What the task asks >> Print the lines below word for word, beginning with the first and ending with the line that holds "Girl Releasing Balloon", and skip every picture.

The input >>
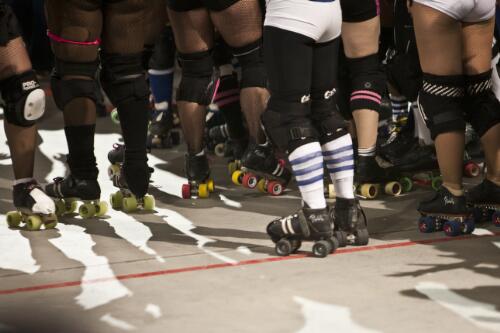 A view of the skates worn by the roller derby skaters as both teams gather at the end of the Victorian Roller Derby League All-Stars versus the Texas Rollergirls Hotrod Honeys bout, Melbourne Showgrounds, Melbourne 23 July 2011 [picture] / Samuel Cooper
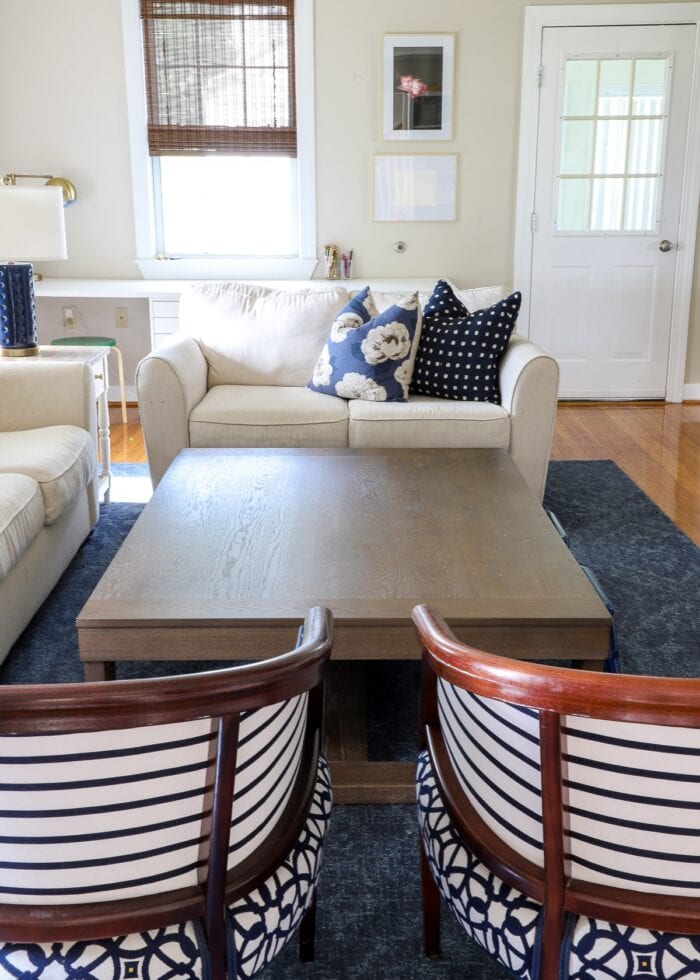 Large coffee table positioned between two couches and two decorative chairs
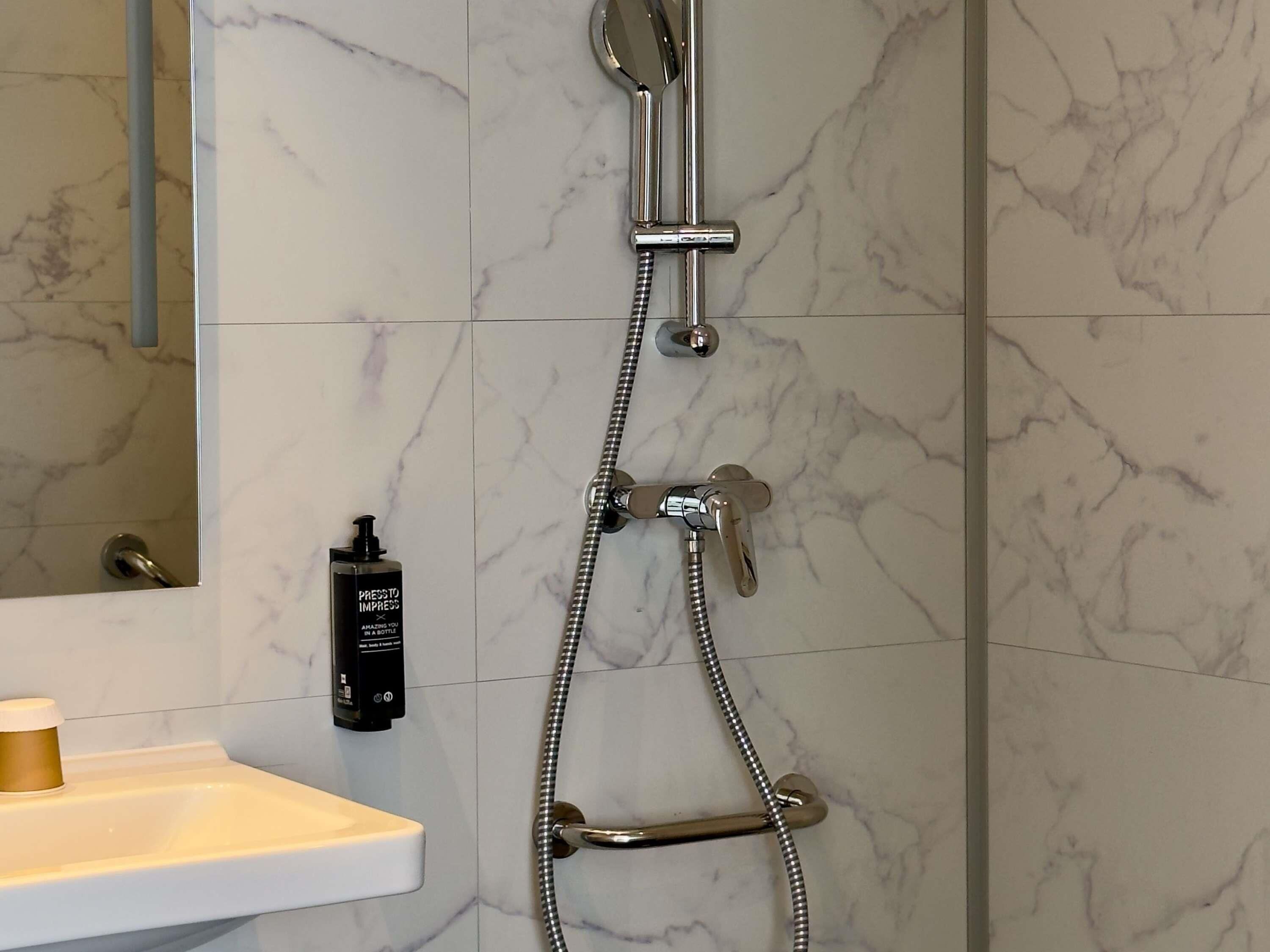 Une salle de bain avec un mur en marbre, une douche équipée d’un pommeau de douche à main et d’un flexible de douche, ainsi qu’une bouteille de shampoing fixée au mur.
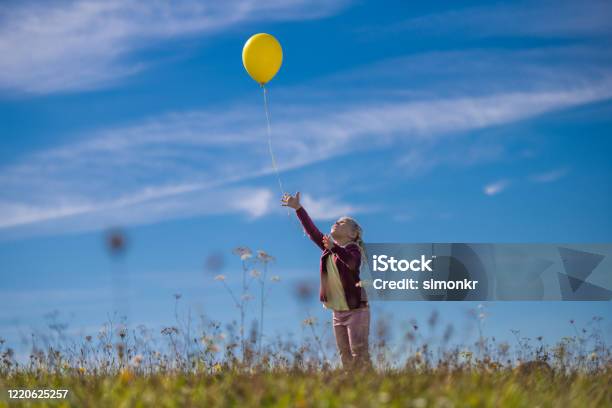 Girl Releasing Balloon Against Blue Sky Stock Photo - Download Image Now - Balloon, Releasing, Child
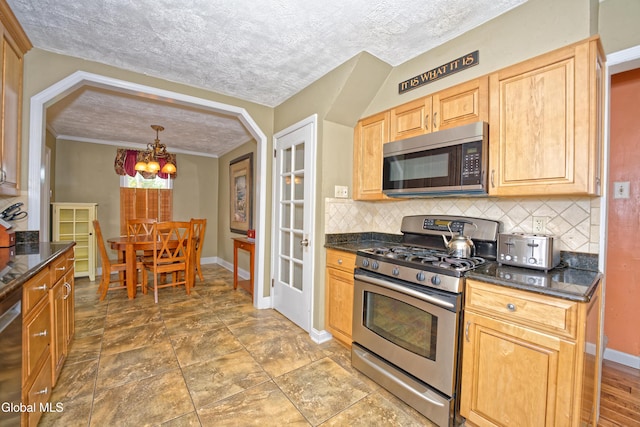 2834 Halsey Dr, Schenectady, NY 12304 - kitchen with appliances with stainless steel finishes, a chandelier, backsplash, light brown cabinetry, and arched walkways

Solved exercise >>
 A view of the skates worn by the roller derby skaters as both teams gather at the end of the Victorian Roller Derby League All-Stars versus the Texas Rollergirls Hotrod Honeys bout, Melbourne Showgrounds, Melbourne 23 July 2011 [picture] / Samuel Cooper
 Large coffee table positioned between two couches and two decorative chairs
 Une salle de bain avec un mur en marbre, une douche équipée d’un pommeau de douche à main et d’un flexible de douche, ainsi qu’une bouteille de shampoing fixée au mur.
 Girl Releasing Balloon Against Blue Sky Stock Photo - Download Image Now - Balloon, Releasing, Child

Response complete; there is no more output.